INPUT DATA
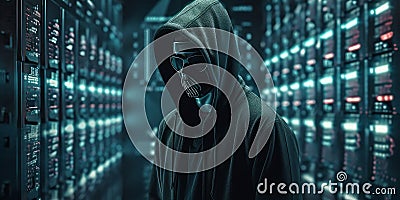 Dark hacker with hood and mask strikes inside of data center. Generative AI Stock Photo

---

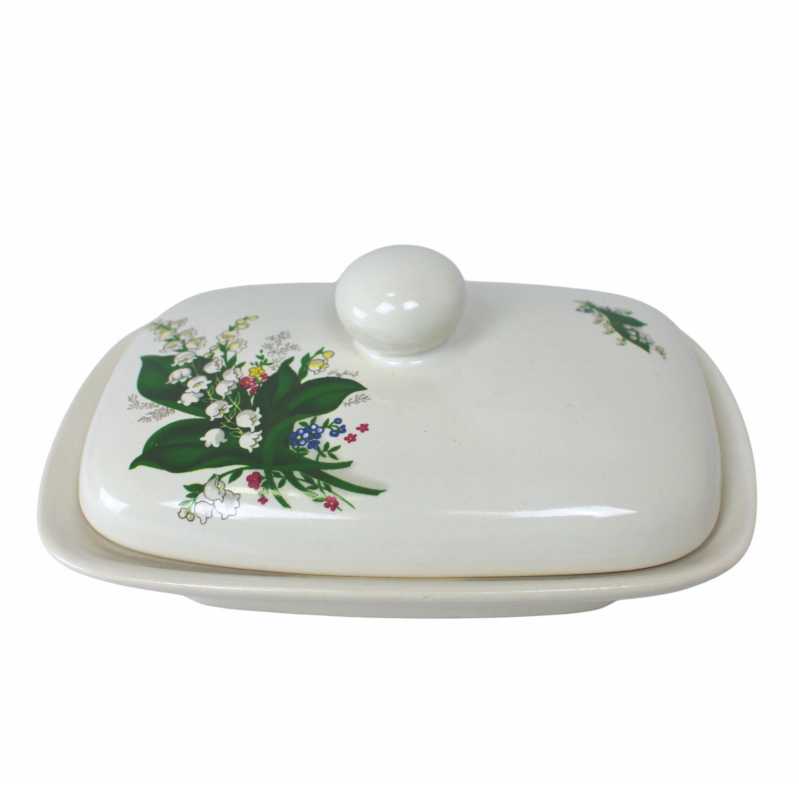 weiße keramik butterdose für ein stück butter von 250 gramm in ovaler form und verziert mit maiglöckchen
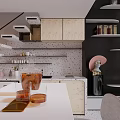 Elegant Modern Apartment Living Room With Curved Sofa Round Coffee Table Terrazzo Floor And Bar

* * *

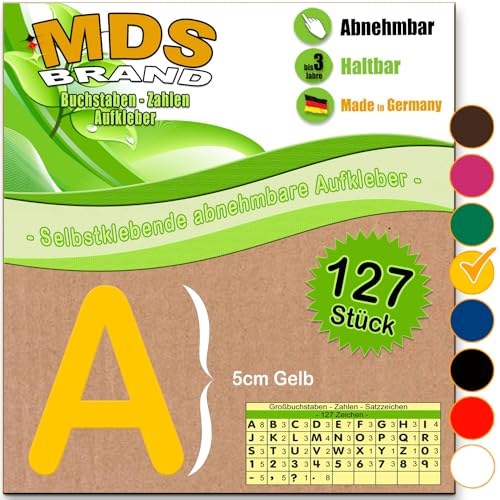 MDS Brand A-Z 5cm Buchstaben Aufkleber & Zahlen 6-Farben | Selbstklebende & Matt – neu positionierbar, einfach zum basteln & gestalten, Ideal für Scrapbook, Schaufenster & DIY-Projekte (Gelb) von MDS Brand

WHAT TO PRODUCE
Leave the pictures out, and transcribe exactly the lines above starting at the one that contains "weiße keramik butterdose" and ending at the one that contains "Elegant Modern Apartment".

WRITTEN SOLUTION
 weiße keramik butterdose für ein stück butter von 250 gramm in ovaler form und verziert mit maiglöckchen
 Elegant Modern Apartment Living Room With Curved Sofa Round Coffee Table Terrazzo Floor And Bar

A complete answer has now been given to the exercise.